BEGIN Extracted records

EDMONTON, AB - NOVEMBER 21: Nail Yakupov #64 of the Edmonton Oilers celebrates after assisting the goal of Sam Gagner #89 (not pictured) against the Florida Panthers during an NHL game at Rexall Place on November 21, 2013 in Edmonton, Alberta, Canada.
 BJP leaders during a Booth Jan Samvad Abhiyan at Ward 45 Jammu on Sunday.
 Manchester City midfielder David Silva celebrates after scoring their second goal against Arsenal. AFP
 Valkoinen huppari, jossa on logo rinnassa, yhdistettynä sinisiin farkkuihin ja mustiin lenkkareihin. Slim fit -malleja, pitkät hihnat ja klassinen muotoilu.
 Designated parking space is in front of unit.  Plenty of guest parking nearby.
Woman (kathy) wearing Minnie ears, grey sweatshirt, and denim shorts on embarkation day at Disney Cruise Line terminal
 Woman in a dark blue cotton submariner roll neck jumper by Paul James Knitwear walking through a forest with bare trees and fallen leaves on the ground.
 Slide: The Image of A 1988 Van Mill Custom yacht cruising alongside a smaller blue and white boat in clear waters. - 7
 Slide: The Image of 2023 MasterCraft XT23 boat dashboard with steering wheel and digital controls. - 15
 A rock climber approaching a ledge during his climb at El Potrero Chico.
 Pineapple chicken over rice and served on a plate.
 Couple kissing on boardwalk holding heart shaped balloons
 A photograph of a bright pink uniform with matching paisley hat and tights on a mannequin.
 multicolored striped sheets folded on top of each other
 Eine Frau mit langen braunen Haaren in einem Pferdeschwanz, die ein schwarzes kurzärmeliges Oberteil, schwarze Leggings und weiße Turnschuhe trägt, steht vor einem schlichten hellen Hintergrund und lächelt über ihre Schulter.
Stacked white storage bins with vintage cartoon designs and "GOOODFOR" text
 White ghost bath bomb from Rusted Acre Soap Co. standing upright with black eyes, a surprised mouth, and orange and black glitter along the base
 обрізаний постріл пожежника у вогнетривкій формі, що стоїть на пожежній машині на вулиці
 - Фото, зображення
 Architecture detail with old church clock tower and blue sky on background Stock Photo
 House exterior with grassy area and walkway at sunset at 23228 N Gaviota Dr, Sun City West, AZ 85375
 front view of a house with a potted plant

END Extracted records

Restate the data above word for word. Leave nothing out.

EDMONTON, AB - NOVEMBER 21: Nail Yakupov #64 of the Edmonton Oilers celebrates after assisting the goal of Sam Gagner #89 (not pictured) against the Florida Panthers during an NHL game at Rexall Place on November 21, 2013 in Edmonton, Alberta, Canada.
 BJP leaders during a Booth Jan Samvad Abhiyan at Ward 45 Jammu on Sunday.
 Manchester City midfielder David Silva celebrates after scoring their second goal against Arsenal. AFP
 Valkoinen huppari, jossa on logo rinnassa, yhdistettynä sinisiin farkkuihin ja mustiin lenkkareihin. Slim fit -malleja, pitkät hihnat ja klassinen muotoilu.
 Designated parking space is in front of unit.  Plenty of guest parking nearby.
Woman (kathy) wearing Minnie ears, grey sweatshirt, and denim shorts on embarkation day at Disney Cruise Line terminal
 Woman in a dark blue cotton submariner roll neck jumper by Paul James Knitwear walking through a forest with bare trees and fallen leaves on the ground.
 Slide: The Image of A 1988 Van Mill Custom yacht cruising alongside a smaller blue and white boat in clear waters. - 7
 Slide: The Image of 2023 MasterCraft XT23 boat dashboard with steering wheel and digital controls. - 15
 A rock climber approaching a ledge during his climb at El Potrero Chico.
 Pineapple chicken over rice and served on a plate.
 Couple kissing on boardwalk holding heart shaped balloons
 A photograph of a bright pink uniform with matching paisley hat and tights on a mannequin.
 multicolored striped sheets folded on top of each other
 Eine Frau mit langen braunen Haaren in einem Pferdeschwanz, die ein schwarzes kurzärmeliges Oberteil, schwarze Leggings und weiße Turnschuhe trägt, steht vor einem schlichten hellen Hintergrund und lächelt über ihre Schulter.
Stacked white storage bins with vintage cartoon designs and "GOOODFOR" text
 White ghost bath bomb from Rusted Acre Soap Co. standing upright with black eyes, a surprised mouth, and orange and black glitter along the base
 обрізаний постріл пожежника у вогнетривкій формі, що стоїть на пожежній машині на вулиці
 - Фото, зображення
 Architecture detail with old church clock tower and blue sky on background Stock Photo
 House exterior with grassy area and walkway at sunset at 23228 N Gaviota Dr, Sun City West, AZ 85375
 front view of a house with a potted plant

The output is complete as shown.